ブルネイ旅行記(2)
2026年5月12日(火)
景色もない狭っ苦しい部屋だけどチェックアウトの12時まではここにいる。朝飯は日本から持ってきたランチパックがあるし。ビールも飲めるし。なんか腹を下してるし。
昼になり部屋を出たと WhatsApp で知らせたらすぐにお礼の定型文が返ってきた。ここのオーナーは妙にレスポンスがいい。常にスマホを睨みつけているのかね。イマドキそうなのか。
今日から2泊はカンポン・アイール。
首都に流れるブルネイ川の中に広がる水上集落であります。
ダウンタウンからボートで川面に浮かぶ桟橋へ行く。川を渡るだけなので30秒もかからない。客引き親父に念のためボート代がいくらか訊いたら2ドルだという。1ドルだろと言ったらそれでいいとか何とか言ってた。ボートはまっすぐ桟橋の階段に突っ込むので舳先から乗り降りする。

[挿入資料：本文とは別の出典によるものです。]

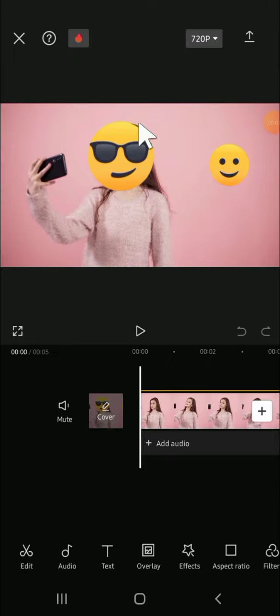Hello guys, welcome back to the channel. In today's video, I'm going to show you how to remove an emoji from a video in CapCut. What I mean is how to remove an emoji that we have already added to our video. I have added emojis to my video, and we're going to practice how we can remove them.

前もって宿のオーナーから「忙しいから自分で入って」と細かな指示が WhatsApp で来てたのですんなりセルフチェックインできた。一応カンポンアイールで有名な唯一の宿泊施設だと思うのだが、ほぼ民泊だな。他の宿泊客もいないようで、猫が出迎えてくれる。

荷物も置いたしともかく散歩だ。


店番してた親父に昼飯を食べたいので、どこか開いてるレストランはないか訊いてみた
要領を得なかった


水上集落とはいえそもそもが住宅地で、平日昼間だし人が少なくて店も少ないうえに開いてない。
最初はこわごわ歩いてた板張り橋も、慣れてきたら見知らぬ路地裏みたいに感じてきた。あんまりジロジロ見るのも憚れる。
昼飯を食べてないのでなんとかしなきゃと、それっぽい建物の呼び鈴をならした。奥から可愛らしいお嬢さんが出てきて「テイクアウトしかダメなんだけどいいかしら?」といった主旨の事を言ったのでもちろんOKした。

OPENって書いてたけどドアは施錠されてた

ブルネイ名物「ナシ・カトック」弁当は1ドル。125円だ。
この国は石油で豊かだし税金かかってないからか、会計が明快。
可愛いお姉さんは私に「どこの国の人?」と訊いてきたので日本人だと答えたら、なぜか写真を撮らせてと言ってきた。何が珍しいのだろうな。坊主頭の皺枯れたおっさんが。手に持った弁当を素敵に抱えたポーズをした。
宿に帰りながら、あの姉さんの写真も撮らせてもらえばよかったと激しく後悔した。引き返そうともした。こんなチャンスは一生で3回もないのに。でももうあの扉は施錠されてる。切歯扼腕。ブルネイ川に飛び込もうかとも思うほどに。簡単に飛び込めるし。

骨付き唐揚げ、ごはん、サンバルソース(辛くない奴)
弁当は本当に美味かった。

宿の中はおしゃれ。そもそも女性オーナーは絵描きサンで、センスいいのです。

結婚指輪とか落としたらサヨウナラだな

大雨で霞んでるけど

上水道も通ってて水圧は高い
下水道は、まあそのまま下へ

音がうるさいし天井ファンで十分
ちなみに日中は余裕で30℃を超えます

客は私だけだしまあええか


夜になったらレストランがちらほらオープンしてくる。
カラオケ屋とかダーツ屋とか撞球屋とかイチゲンには入りにくいところが多い中、おしゃれで入りやすいのが ADRESTO です。

何せ前の道(?)が狭いので全体がうまく撮れない

観光客に向いてます




美味い、安い、サービスよし
ブルネイ名物アンブヤット(サゴヤシの樹液を乾燥させた粉をお湯で溶いたブルネイを代表する伝統料理)は、透明でぬるっとしてて味はしないし腹も膨れないけど、他は満足ですぞ。
酒が飲めないことがわかってると、注文にそんな悩むこともないな。
そして長居もできない。

オーナーの絵だろう
この壁の内側はトイレなのです
おしゃれ~って思ってたら・・・

いちいちおしゃれでかわいい
夜7時半には宿に戻ってきた。行くとこないし。
あちこちからカラオケらしき歌声と、アジテーションみたいなダミ声が聞こえてくる。
夜の水上生活は静かなのかな、なんて想像してたけど、実際は結構騒々しい。ヘタクソな歌とアジは深夜まで続いたみたい。ぐっすり寝たからその後は知らず。